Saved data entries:
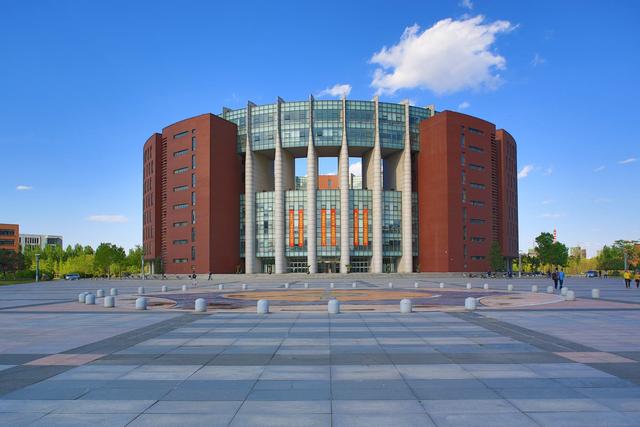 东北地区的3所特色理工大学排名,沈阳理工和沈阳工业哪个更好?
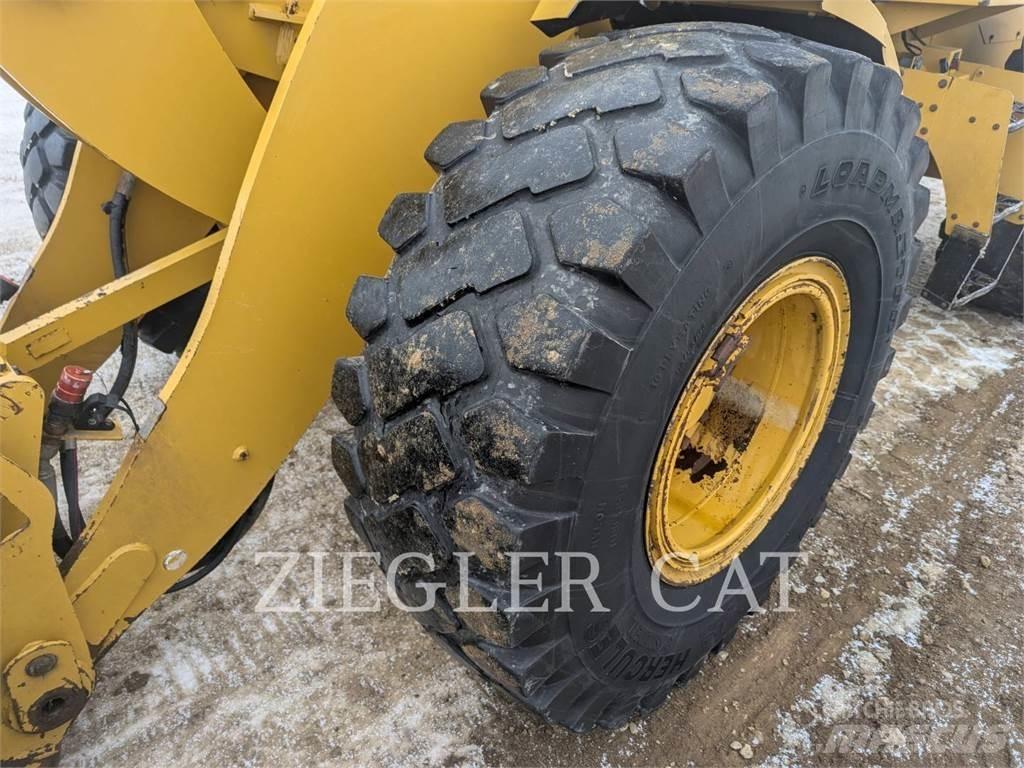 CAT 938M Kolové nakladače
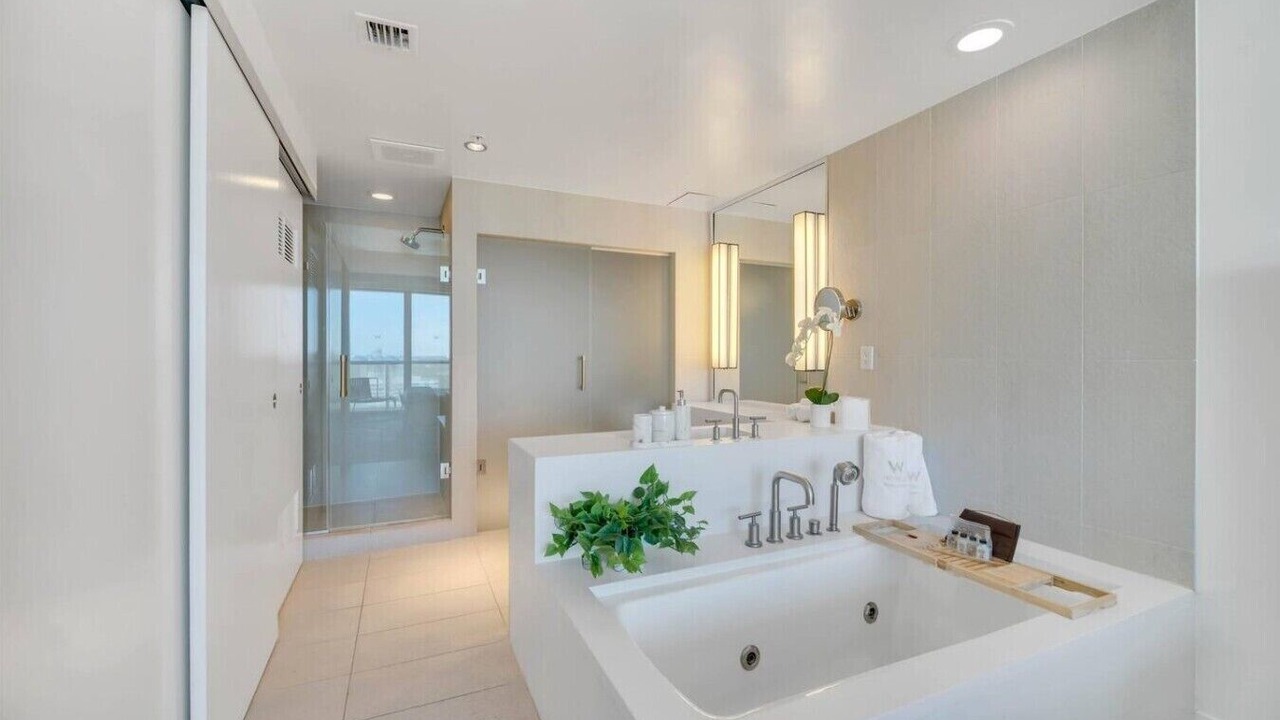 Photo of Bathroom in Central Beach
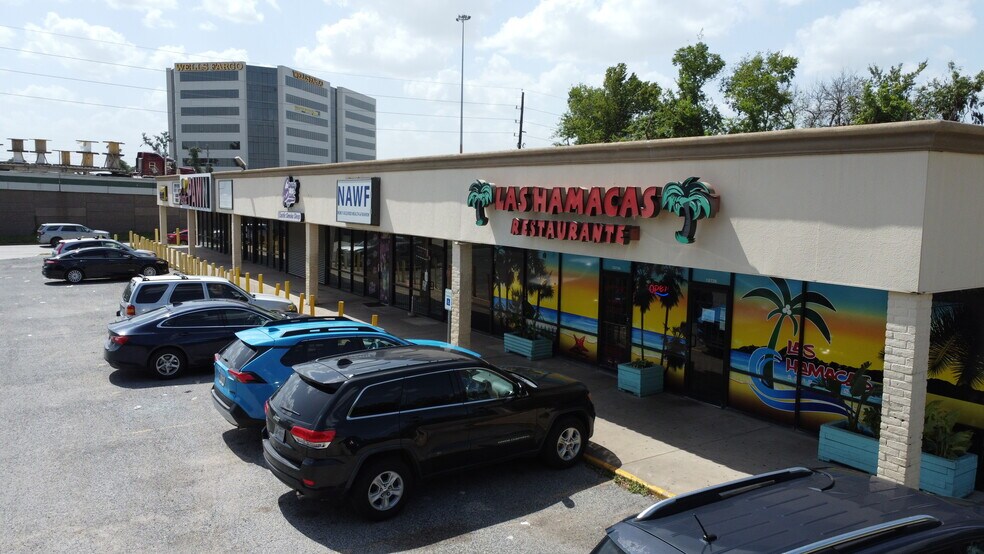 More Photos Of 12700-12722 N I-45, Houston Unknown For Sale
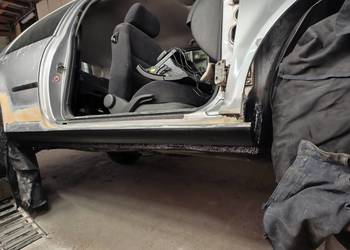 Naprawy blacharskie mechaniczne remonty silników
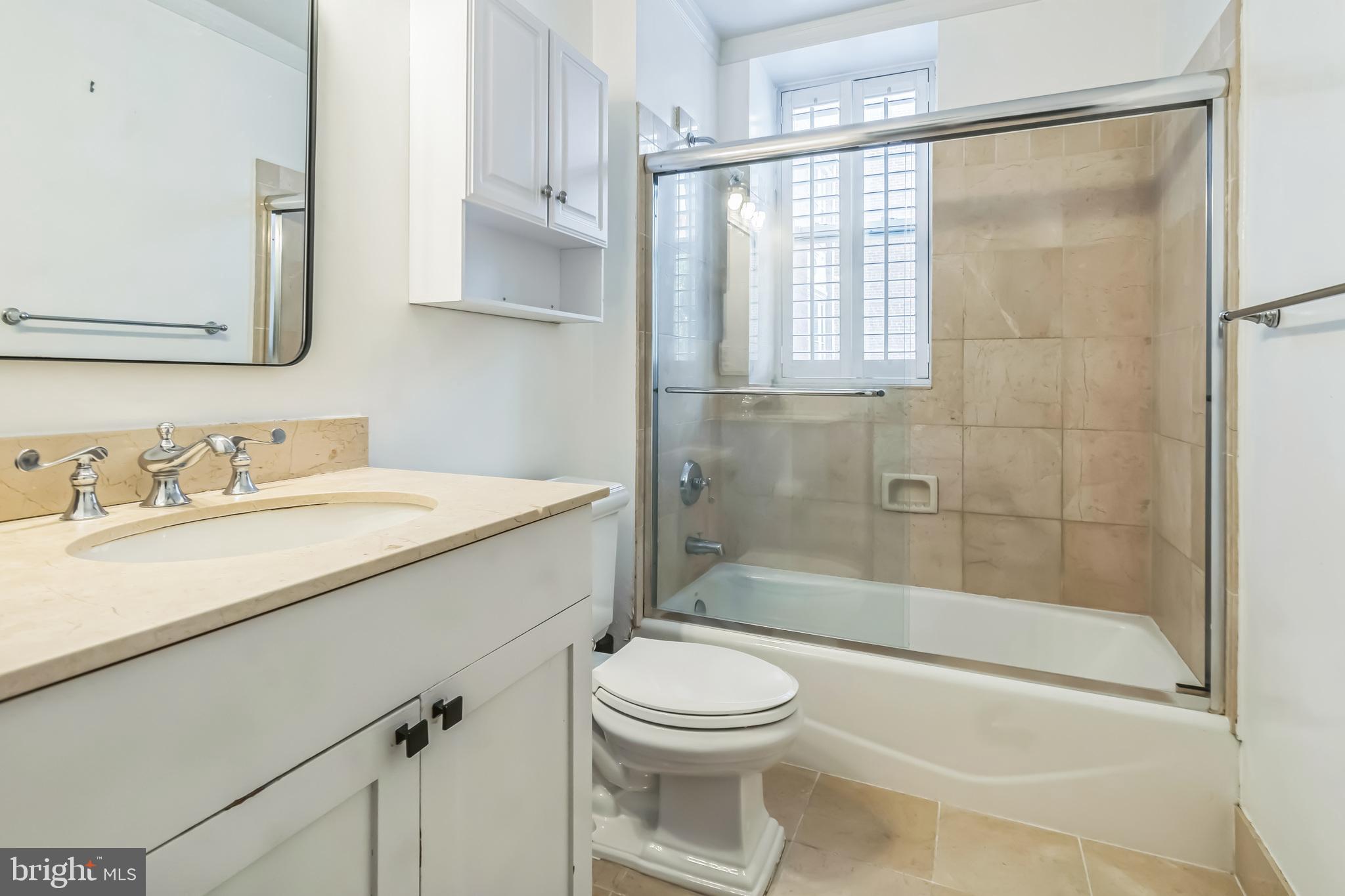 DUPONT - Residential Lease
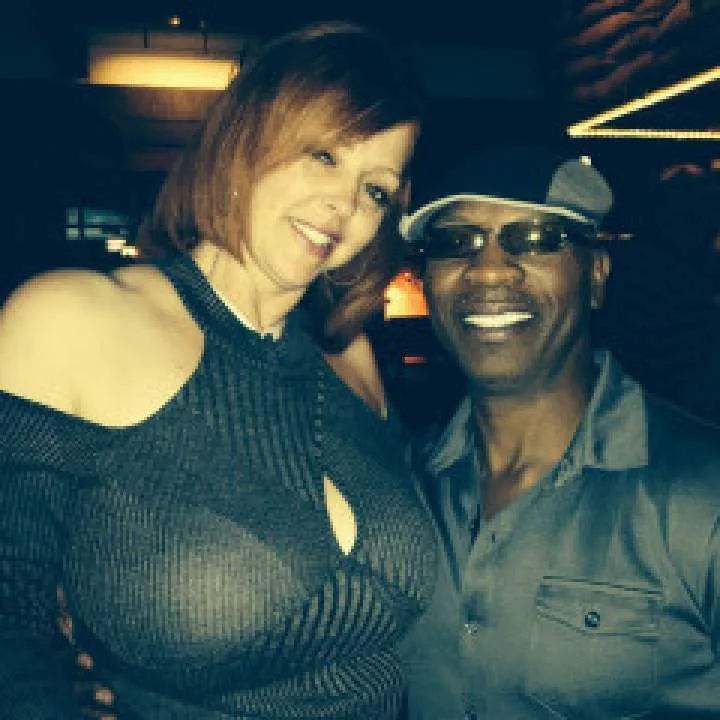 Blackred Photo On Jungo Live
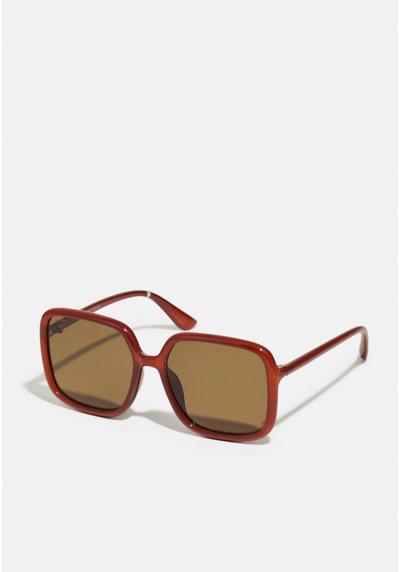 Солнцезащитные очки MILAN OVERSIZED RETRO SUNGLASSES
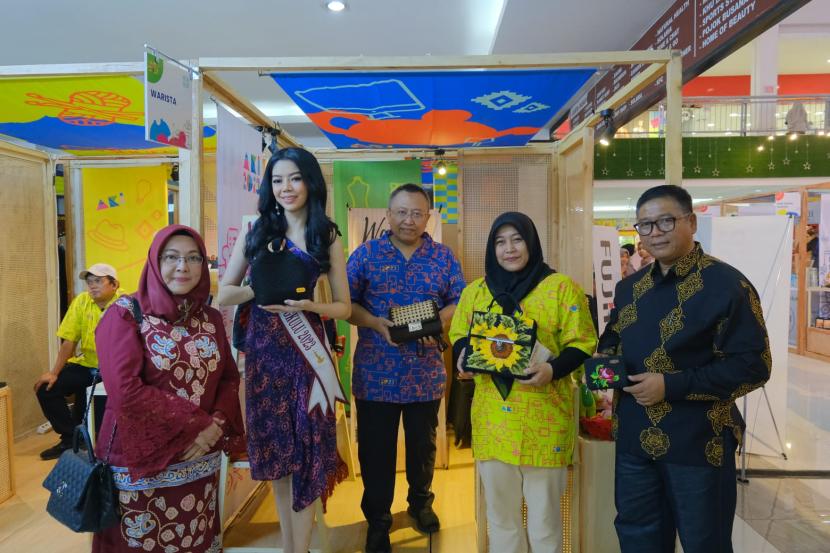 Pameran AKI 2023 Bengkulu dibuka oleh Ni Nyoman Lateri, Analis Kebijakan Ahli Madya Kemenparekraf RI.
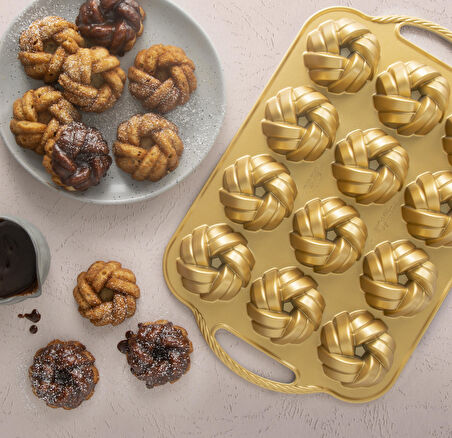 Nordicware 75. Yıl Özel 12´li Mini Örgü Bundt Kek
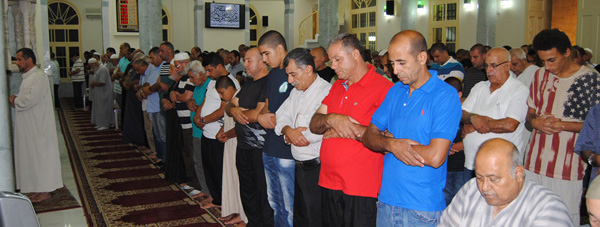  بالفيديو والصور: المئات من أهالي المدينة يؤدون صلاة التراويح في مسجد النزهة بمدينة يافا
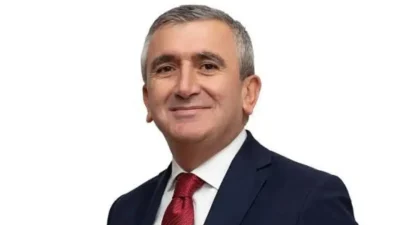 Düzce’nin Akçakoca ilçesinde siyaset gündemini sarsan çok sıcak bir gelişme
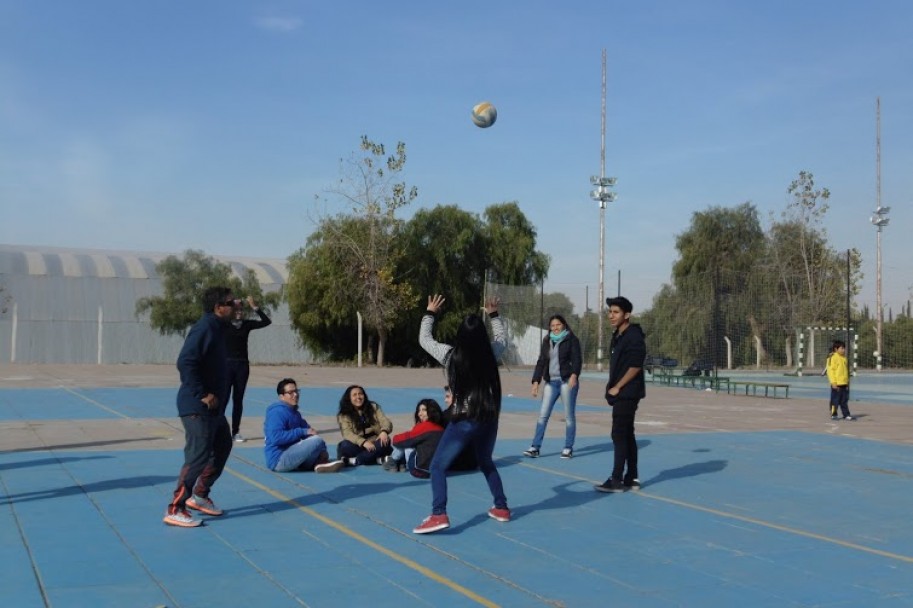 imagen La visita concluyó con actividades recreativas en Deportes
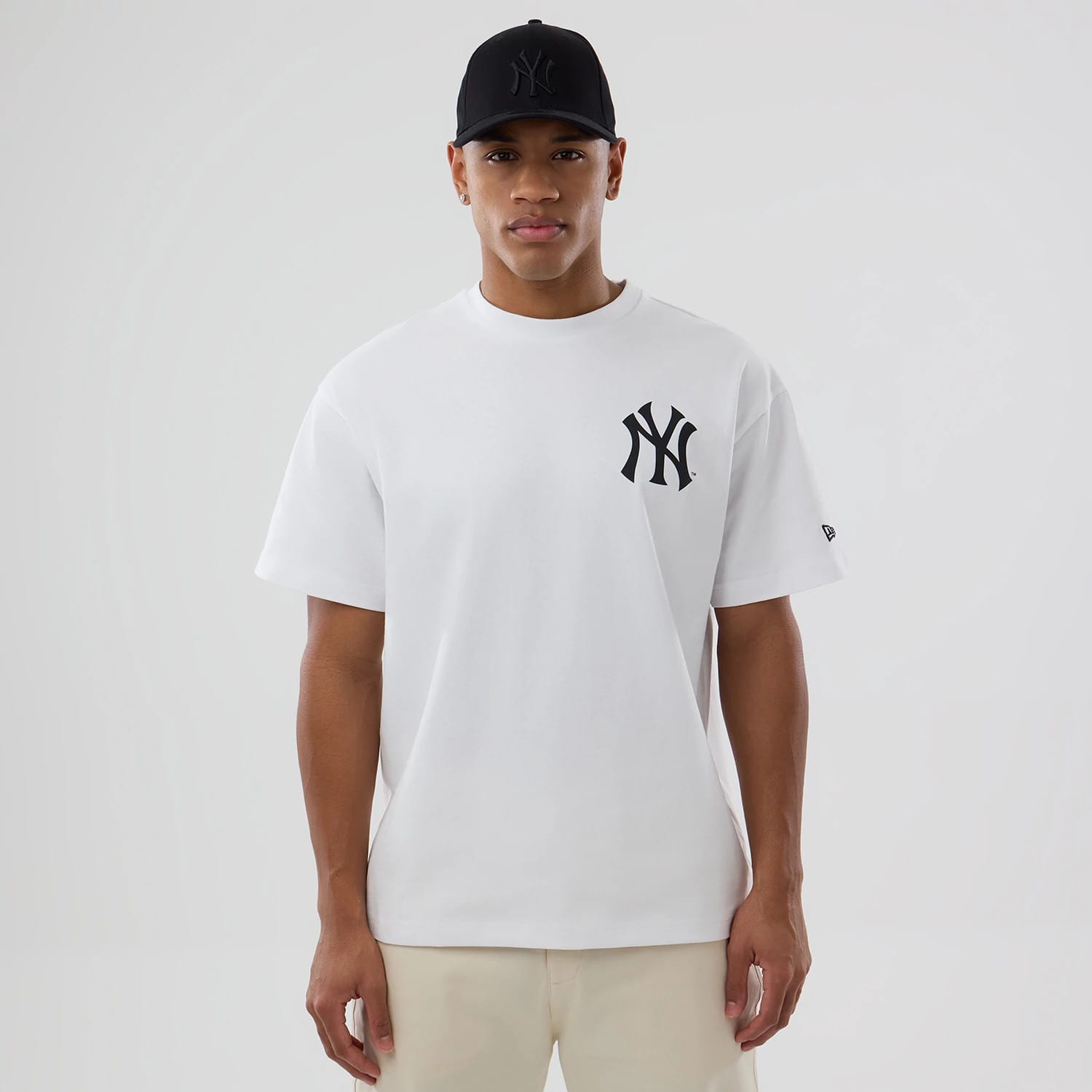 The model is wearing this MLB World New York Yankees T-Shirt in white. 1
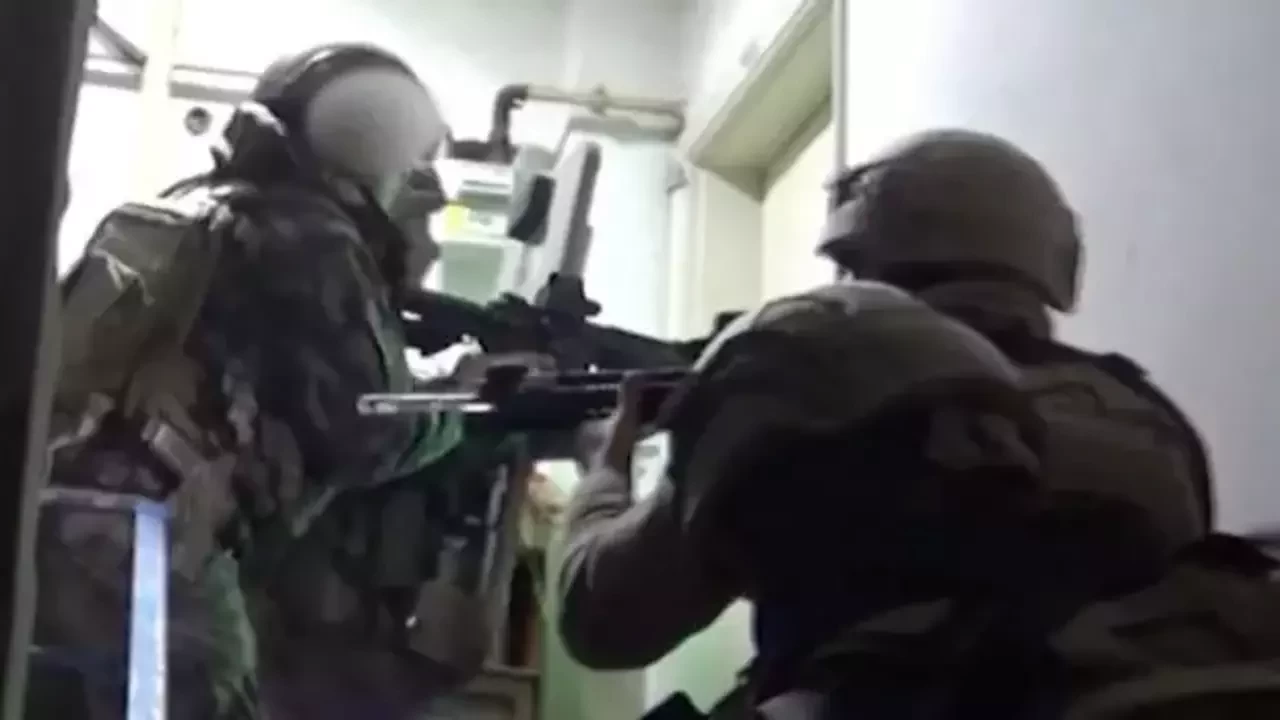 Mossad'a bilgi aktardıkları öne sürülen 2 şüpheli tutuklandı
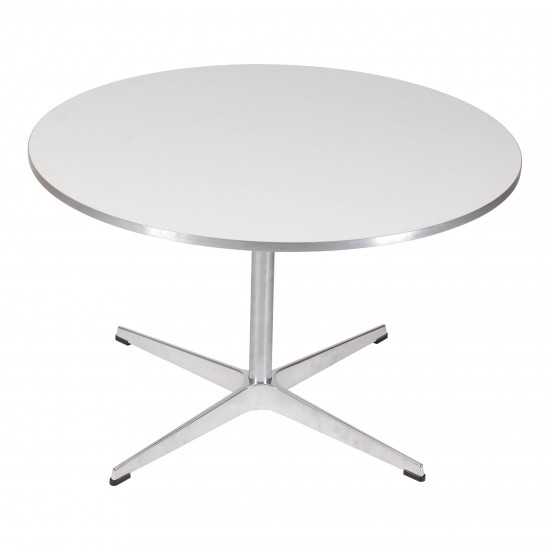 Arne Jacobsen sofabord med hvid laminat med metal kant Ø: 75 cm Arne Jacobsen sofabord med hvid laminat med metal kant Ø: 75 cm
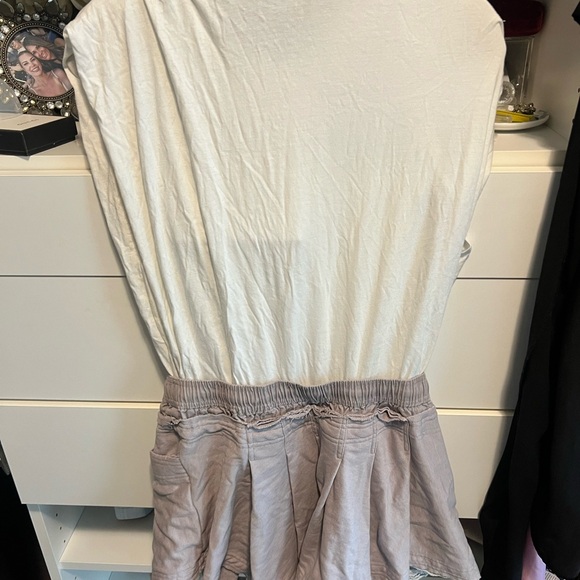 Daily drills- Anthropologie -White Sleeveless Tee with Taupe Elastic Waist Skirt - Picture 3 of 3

▶ _Assignment_: Extract, word for word, each line from the one that contains "More Photos Of" through the final line of the data above. Leave the pictures out.

▶ _Solution_:
 More Photos Of 12700-12722 N I-45, Houston Unknown For Sale
 Naprawy blacharskie mechaniczne remonty silników
 DUPONT - Residential Lease
 Blackred Photo On Jungo Live
 Солнцезащитные очки MILAN OVERSIZED RETRO SUNGLASSES
 Pameran AKI 2023 Bengkulu dibuka oleh Ni Nyoman Lateri, Analis Kebijakan Ahli Madya Kemenparekraf RI.
 Nordicware 75. Yıl Özel 12´li Mini Örgü Bundt Kek
  بالفيديو والصور: المئات من أهالي المدينة يؤدون صلاة التراويح في مسجد النزهة بمدينة يافا
 Düzce’nin Akçakoca ilçesinde siyaset gündemini sarsan çok sıcak bir gelişme
 imagen La visita concluyó con actividades recreativas en Deportes
 The model is wearing this MLB World New York Yankees T-Shirt in white. 1
 Mossad'a bilgi aktardıkları öne sürülen 2 şüpheli tutuklandı
 Arne Jacobsen sofabord med hvid laminat med metal kant Ø: 75 cm Arne Jacobsen sofabord med hvid laminat med metal kant Ø: 75 cm
 Daily drills- Anthropologie -White Sleeveless Tee with Taupe Elastic Waist Skirt - Picture 3 of 3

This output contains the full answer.